La mattina dopo, come Diana aveva profetizzato e come il brodino di mia madre aveva reso possibile, stavo benissimo e mi alzai tutta pimpante dal letto, anche vistosamente in anticipo - da quando Stephan era arrivato, stavo attenta a non fare tardi -.
‘Buon giorno, Stephan!’ dissi a lui, che stavo uscendo dal cancello.
‘Reika, buon giorno!’, disse lui sorpreso : ‘Stai meglio a quanto vedo!’
‘Sì, infatti! Sono in perfetta forma!’ esclamai felice, trotterellando per la strada mentre lui mi stava dietro.
‘Ora dovresti fare attenzione a non prendere più freddo, però!’ disse lui studiandomi divertito.
‘Sì, mamma!’ lo canzonai aumentando l’andatura baldanzosa, poi mi voltai ‘Muoviti!’
Scoppiò a ridere e mi raggiunse. Poi cambiò espressione e mi fissò per un pò: ‘Ritornando al discorso di ieri ... sei per caso, giunta ad una conclusione?’
Mi tornò in mente il bacio e lo sorpassai con finta non curanza, per nascondere il rossore sulle mie guance. ‘Ecco, speravo me lo dicessi tu.’
‘Vale a dire, che non ne hai la più pallida idea e che stai morendo di curiosità?’
Oh, non hai idea di quanto ti sbagli!
‘Più o meno!’ risposi entrando a scuola mentre lui mi rivolgeva uno sguardo perplesso.
Corsi verso la nostra aula e spalancai la porta: ‘Buon giorno a tutti!!!’ urlai.

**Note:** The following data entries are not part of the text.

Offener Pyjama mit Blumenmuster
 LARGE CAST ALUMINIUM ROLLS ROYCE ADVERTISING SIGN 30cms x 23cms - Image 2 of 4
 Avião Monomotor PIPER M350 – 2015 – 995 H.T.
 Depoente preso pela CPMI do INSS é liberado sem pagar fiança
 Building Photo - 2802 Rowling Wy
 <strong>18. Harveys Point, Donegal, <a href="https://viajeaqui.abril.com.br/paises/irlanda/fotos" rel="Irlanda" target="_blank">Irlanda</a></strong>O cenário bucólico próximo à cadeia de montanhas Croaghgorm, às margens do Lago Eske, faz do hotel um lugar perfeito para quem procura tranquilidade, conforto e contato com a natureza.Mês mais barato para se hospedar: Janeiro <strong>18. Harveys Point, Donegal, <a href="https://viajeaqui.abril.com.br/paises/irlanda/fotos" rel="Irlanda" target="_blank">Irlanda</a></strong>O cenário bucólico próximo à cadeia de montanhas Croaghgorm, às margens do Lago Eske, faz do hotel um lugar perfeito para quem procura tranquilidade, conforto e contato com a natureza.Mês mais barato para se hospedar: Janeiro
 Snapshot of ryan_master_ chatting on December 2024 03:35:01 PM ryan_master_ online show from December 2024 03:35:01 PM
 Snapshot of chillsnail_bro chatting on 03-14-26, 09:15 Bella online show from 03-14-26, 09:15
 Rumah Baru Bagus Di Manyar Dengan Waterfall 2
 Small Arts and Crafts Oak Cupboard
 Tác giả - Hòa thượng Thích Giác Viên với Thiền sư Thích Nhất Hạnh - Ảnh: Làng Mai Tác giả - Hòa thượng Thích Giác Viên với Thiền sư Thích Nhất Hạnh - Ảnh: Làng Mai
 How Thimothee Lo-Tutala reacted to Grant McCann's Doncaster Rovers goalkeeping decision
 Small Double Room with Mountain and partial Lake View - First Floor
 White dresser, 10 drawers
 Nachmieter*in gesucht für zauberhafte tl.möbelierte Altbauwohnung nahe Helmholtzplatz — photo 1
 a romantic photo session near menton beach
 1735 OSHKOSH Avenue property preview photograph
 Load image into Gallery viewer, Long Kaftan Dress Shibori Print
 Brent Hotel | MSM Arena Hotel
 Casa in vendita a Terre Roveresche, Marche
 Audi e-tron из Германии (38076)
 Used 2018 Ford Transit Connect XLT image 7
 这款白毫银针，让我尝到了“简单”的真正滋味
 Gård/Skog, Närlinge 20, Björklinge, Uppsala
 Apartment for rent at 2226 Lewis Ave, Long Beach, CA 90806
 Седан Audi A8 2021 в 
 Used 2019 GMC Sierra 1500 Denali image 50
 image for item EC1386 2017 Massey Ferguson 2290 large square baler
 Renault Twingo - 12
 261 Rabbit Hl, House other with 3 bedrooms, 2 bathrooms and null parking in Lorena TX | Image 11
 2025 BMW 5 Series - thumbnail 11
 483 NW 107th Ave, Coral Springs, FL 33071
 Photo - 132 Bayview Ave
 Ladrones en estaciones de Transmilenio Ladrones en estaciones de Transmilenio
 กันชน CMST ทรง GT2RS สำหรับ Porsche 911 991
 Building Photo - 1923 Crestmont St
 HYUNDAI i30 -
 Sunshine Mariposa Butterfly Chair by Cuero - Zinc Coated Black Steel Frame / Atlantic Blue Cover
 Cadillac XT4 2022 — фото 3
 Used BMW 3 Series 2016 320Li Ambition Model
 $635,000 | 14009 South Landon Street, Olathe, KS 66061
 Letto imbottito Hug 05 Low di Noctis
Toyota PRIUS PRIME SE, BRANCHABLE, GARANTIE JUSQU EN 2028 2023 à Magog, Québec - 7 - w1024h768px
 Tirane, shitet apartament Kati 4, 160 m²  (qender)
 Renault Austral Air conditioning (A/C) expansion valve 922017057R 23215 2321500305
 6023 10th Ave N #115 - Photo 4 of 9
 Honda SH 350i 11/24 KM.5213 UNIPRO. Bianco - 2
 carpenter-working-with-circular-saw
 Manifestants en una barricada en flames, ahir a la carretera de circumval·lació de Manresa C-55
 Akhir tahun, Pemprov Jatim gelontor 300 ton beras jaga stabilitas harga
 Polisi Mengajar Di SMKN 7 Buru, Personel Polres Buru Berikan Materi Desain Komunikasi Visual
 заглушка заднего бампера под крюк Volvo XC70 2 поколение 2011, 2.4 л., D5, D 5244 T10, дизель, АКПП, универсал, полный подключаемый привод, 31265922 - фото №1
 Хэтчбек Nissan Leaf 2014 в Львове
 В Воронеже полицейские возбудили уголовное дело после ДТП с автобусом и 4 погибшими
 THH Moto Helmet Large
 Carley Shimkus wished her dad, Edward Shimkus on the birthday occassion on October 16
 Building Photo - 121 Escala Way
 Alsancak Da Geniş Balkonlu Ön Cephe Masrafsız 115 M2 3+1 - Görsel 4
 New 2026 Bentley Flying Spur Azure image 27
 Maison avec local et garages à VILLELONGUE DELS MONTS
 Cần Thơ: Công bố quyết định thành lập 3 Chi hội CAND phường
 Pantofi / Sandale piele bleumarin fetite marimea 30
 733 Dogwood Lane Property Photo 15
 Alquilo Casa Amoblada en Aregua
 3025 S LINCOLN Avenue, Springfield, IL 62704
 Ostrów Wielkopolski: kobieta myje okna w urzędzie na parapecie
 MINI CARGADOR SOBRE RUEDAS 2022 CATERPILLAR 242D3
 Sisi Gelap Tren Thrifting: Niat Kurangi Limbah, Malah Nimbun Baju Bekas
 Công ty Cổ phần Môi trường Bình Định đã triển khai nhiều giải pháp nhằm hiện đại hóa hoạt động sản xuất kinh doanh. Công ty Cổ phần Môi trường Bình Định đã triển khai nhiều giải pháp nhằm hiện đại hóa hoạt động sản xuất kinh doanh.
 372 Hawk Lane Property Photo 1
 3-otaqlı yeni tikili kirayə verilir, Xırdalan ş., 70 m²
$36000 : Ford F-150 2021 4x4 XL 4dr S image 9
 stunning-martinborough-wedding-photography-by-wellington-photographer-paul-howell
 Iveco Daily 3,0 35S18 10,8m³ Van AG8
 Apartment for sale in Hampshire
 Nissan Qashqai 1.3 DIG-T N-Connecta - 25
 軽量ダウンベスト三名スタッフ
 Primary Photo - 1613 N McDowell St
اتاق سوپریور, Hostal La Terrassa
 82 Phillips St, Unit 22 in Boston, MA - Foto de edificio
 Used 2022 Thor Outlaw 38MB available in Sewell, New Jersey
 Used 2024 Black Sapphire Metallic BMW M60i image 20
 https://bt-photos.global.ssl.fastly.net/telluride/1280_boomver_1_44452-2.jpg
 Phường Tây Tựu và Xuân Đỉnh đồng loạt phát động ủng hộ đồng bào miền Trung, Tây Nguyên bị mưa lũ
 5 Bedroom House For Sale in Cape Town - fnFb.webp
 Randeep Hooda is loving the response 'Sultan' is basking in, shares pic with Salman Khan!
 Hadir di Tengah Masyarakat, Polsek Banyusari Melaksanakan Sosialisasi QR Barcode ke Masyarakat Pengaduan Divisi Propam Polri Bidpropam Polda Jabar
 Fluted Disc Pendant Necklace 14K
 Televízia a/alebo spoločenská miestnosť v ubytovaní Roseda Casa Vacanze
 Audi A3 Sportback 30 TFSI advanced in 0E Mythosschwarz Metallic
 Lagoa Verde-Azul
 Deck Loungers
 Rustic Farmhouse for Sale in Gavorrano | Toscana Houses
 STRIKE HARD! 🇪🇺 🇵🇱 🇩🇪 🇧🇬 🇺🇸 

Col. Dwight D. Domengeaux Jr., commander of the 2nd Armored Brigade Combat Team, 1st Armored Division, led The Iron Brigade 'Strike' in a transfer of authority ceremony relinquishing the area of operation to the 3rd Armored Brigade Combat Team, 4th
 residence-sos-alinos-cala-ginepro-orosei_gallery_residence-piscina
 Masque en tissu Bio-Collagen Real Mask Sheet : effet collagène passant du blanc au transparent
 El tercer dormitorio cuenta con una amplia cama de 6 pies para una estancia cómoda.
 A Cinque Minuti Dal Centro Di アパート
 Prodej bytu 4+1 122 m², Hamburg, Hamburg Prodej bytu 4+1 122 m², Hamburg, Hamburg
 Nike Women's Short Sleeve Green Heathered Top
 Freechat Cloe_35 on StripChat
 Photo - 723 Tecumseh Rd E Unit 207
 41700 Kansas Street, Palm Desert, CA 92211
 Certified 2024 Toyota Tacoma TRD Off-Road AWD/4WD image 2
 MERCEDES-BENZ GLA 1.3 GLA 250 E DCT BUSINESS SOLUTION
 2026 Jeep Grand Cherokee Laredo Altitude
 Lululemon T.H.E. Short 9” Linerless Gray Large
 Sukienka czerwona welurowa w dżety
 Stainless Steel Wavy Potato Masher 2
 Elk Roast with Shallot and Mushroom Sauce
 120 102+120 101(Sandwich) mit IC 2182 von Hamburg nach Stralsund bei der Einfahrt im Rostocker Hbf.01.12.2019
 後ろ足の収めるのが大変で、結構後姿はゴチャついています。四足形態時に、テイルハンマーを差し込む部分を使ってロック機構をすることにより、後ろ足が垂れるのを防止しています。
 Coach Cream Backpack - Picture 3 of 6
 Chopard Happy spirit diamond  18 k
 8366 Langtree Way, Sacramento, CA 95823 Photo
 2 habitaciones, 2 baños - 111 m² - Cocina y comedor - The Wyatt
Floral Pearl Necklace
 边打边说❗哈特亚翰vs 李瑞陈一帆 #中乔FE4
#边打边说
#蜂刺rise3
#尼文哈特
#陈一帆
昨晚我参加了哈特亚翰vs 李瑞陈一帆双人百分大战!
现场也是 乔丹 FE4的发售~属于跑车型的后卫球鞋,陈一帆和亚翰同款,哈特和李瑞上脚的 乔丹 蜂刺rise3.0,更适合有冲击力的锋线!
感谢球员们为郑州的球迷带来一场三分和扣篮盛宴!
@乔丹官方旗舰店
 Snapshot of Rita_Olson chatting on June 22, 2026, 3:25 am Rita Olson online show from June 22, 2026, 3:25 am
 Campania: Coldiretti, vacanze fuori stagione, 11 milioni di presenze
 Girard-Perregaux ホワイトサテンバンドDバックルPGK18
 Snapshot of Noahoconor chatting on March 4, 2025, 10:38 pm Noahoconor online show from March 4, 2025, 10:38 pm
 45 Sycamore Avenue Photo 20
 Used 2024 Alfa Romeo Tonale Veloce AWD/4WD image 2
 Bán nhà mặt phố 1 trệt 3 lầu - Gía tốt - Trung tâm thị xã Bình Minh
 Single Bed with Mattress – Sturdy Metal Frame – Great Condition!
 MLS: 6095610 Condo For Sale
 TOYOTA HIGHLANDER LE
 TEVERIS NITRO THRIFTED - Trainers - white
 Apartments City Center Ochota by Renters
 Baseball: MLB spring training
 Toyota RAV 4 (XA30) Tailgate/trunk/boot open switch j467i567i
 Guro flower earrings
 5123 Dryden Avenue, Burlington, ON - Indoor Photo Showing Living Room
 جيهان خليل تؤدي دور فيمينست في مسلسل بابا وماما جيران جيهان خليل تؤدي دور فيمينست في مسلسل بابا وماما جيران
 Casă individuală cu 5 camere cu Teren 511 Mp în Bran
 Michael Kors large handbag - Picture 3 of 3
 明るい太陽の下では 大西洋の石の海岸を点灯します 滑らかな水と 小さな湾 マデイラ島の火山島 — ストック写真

‘'Giorno’ disse invece lui, tranquillo mentre la ragazza del primo banco lo fissava e gli rispondeva balbettando.
‘Stephan! Oh, Reika sapevo che saresti guarita!’
Luca mi sorrise poi si rivolse nuovamente a Stephan mentre si dirigevano al banco di lui. Erano davvero diventati amici come pensavo. Luca era intelligente, introverso e dolce. Chiunque con un minimo di buon senso, l’avrebbe adorato - ovviamente, nella giusta misura, se non volevi che Diana ti trucidasse -.
Corsi verso quest’ultima senza perdere altro tempo, dovevo parlargli con urgenza.
‘Buon giorno, Diana!’
‘Reika, finalmente stai b-... che succede?’
‘Devo parlarti!’ dissi, per nulla sorpresa della sua intuizione.
‘Dimmi!’ disse lei, all’improvviso eccitatissima.
Il professore di inglese entrò ed iniziò la lezione, così io mi sedetti e continuai bisbigliando: ‘Si tratta di Stephan!’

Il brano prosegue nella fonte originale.